What you output must match the entries exactly, apart from the pictures, which are left out.

▶ **PROVIDED DATA**
━━━
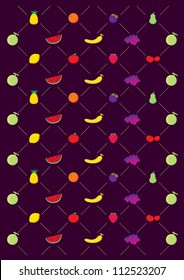 seamless vector of various colorful fruits
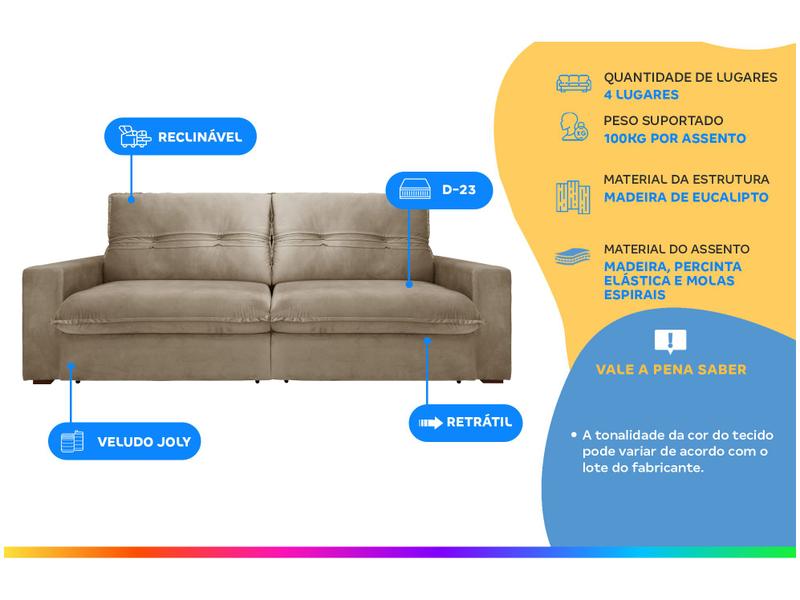 Sofá Retrátil Reclinável 4 Lugares Nipon Gralha Azul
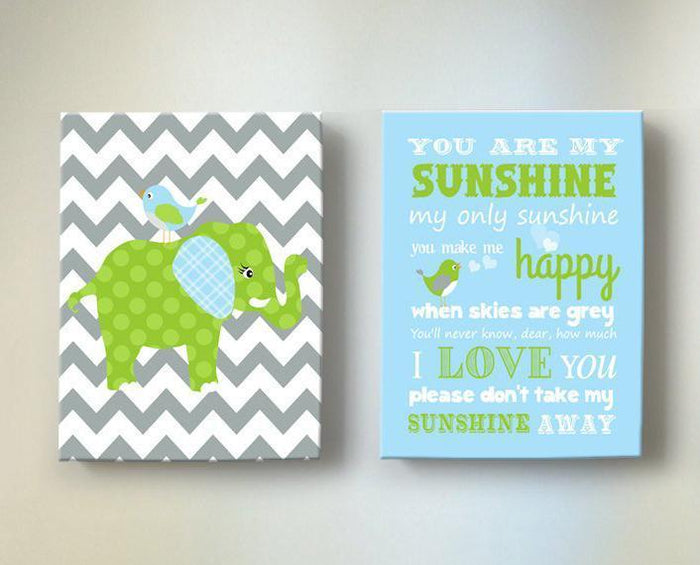 Baby Boy Nursery Art - You Are My Sunshine Chevron Elephant Canvas Decor -Set of 2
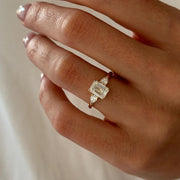 1.5 Carat Emerald Cut E VVS2 Lab Grown Diamond Three Stone Ring / 1.8 Carat Total / Emerald and Pear Cut 3 Stone Ring / Trilogy Ring / Triad image 2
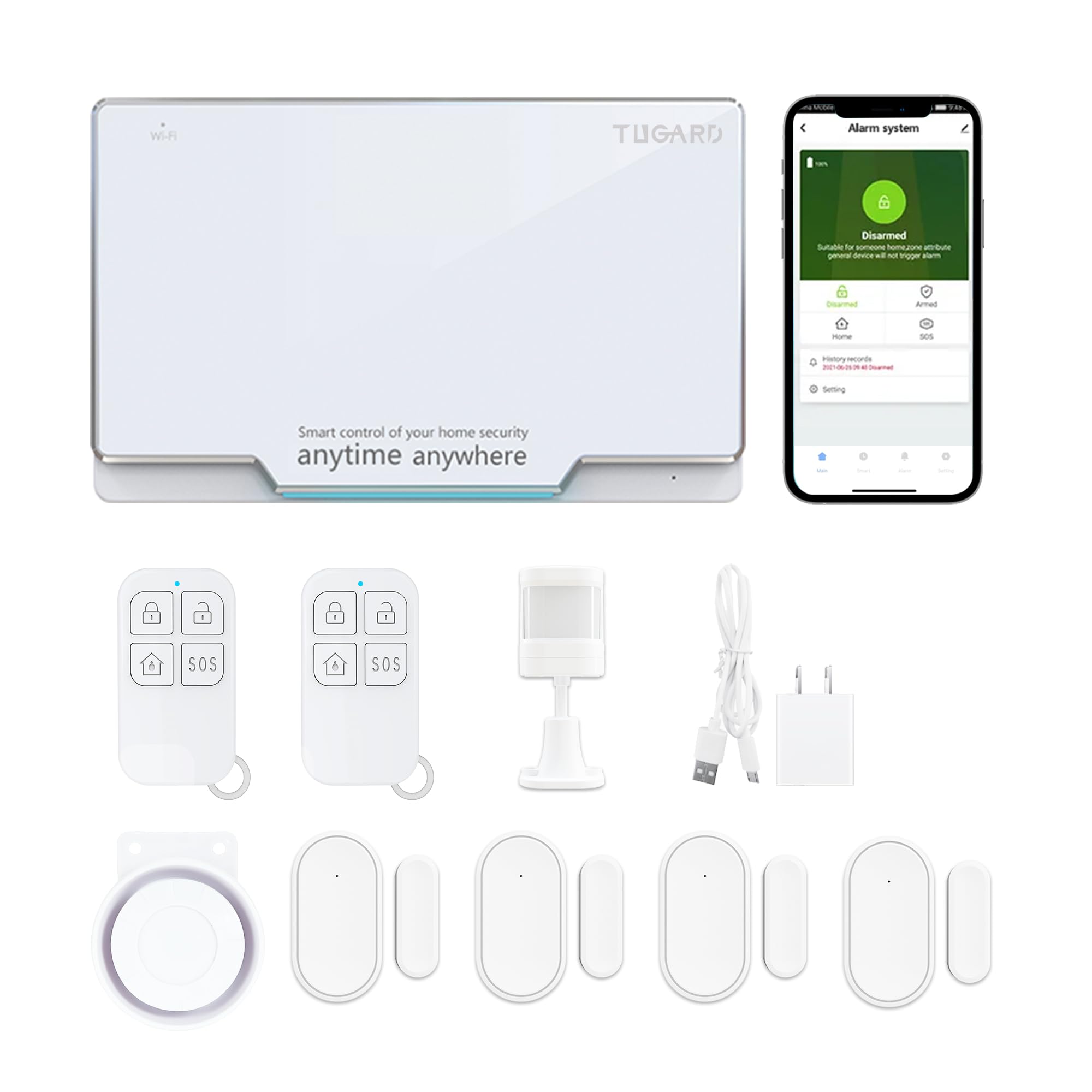 Tugard Wifi Gsm Home Alarm Security System,Wireless Diy Smart Home Burglar Security Alarm System 12 Pieces Kits, Compatible With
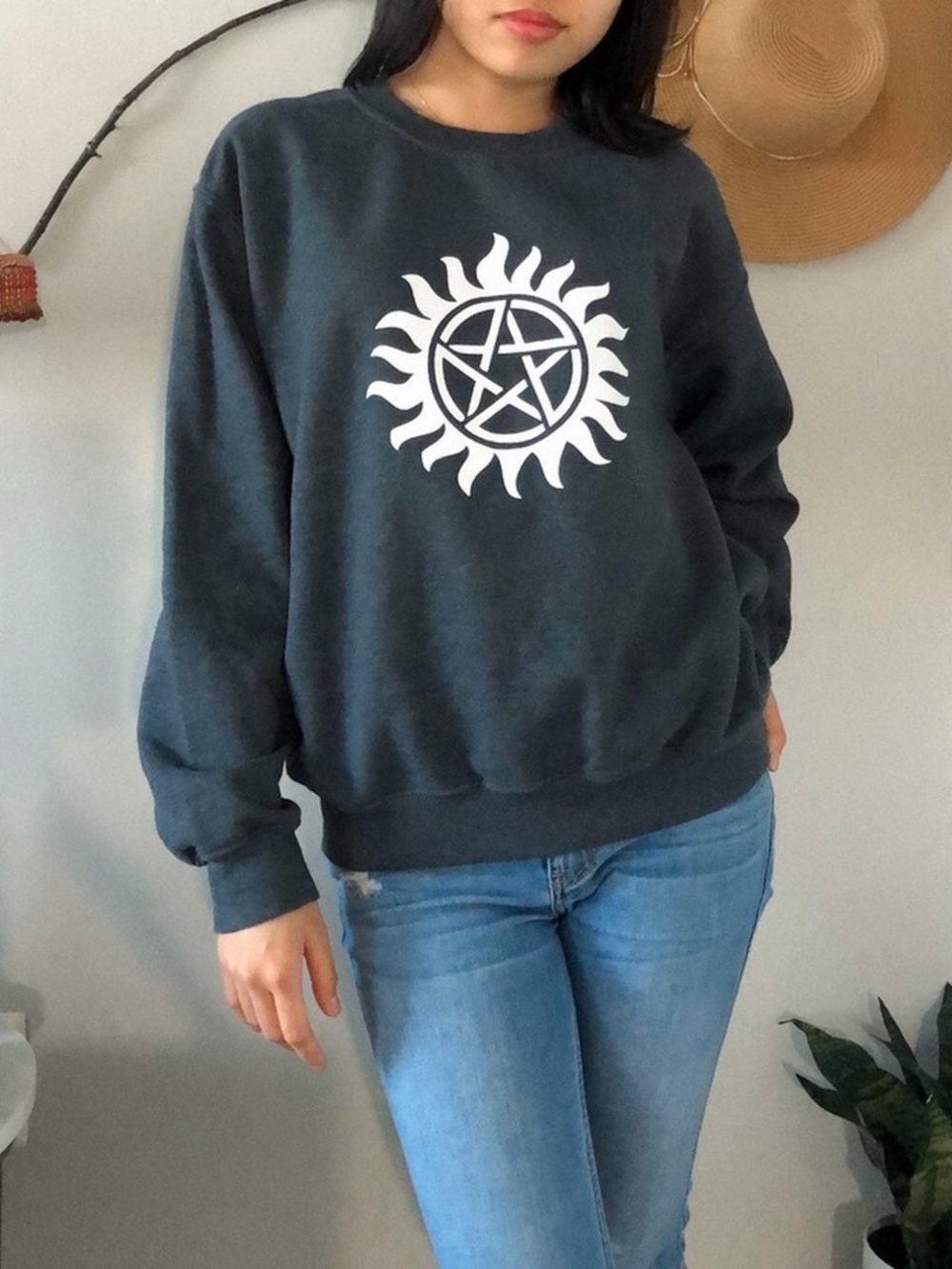 Supernatural anti-demon possession tattoo Sweatshirt - Charcoal Gray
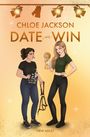 Zwei Frauen, eine hält eine Filmklappe, die andere eine Rosette. Im Hintergrund Scheinwerfer, Text: "DATE or WIN, NEW ADULT".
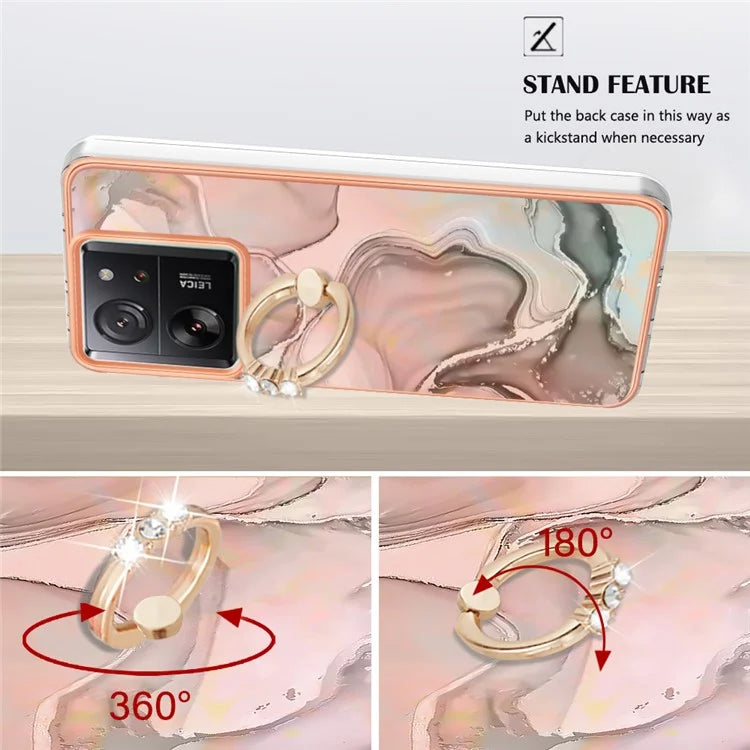 YB IMD Series-17 Style-E For Xiaomi 13T / 13T Pro / Redmi K60 Ultra Marble Pattern Shockproof Cover TPU Cell Phone Case
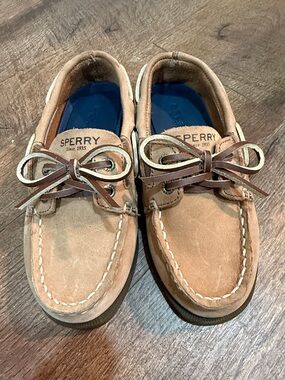 Sperry Kids Tan Suede Moccasin Boat Shoes with Brown Laces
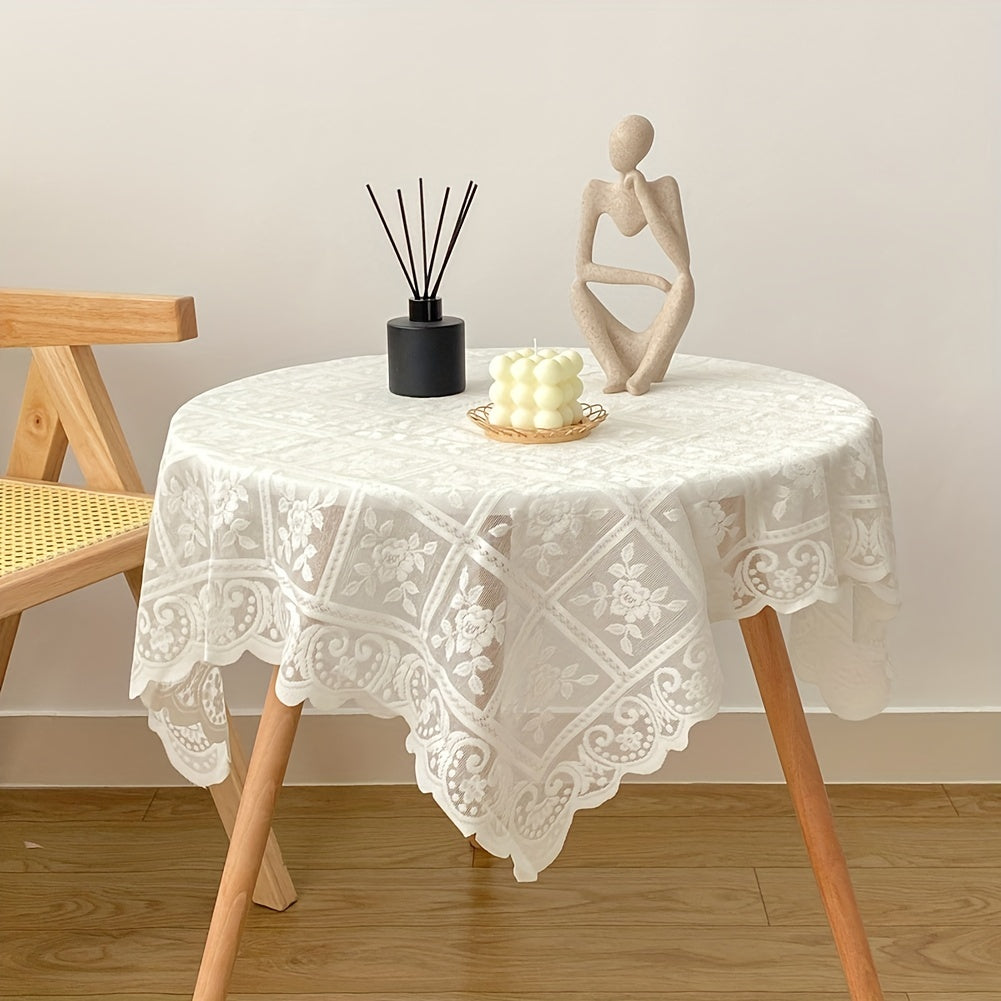 Bright Silk Tablecloth with Beige Lace Accents - Small Dining Table Cover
━━━
▶ **FINAL ANSWER**
 seamless vector of various colorful fruits
 Sofá Retrátil Reclinável 4 Lugares Nipon Gralha Azul
 Baby Boy Nursery Art - You Are My Sunshine Chevron Elephant Canvas Decor -Set of 2
 1.5 Carat Emerald Cut E VVS2 Lab Grown Diamond Three Stone Ring / 1.8 Carat Total / Emerald and Pear Cut 3 Stone Ring / Trilogy Ring / Triad image 2
 Tugard Wifi Gsm Home Alarm Security System,Wireless Diy Smart Home Burglar Security Alarm System 12 Pieces Kits, Compatible With
 Supernatural anti-demon possession tattoo Sweatshirt - Charcoal Gray
 Zwei Frauen, eine hält eine Filmklappe, die andere eine Rosette. Im Hintergrund Scheinwerfer, Text: "DATE or WIN, NEW ADULT".
 YB IMD Series-17 Style-E For Xiaomi 13T / 13T Pro / Redmi K60 Ultra Marble Pattern Shockproof Cover TPU Cell Phone Case
 Sperry Kids Tan Suede Moccasin Boat Shoes with Brown Laces
 Bright Silk Tablecloth with Beige Lace Accents - Small Dining Table Cover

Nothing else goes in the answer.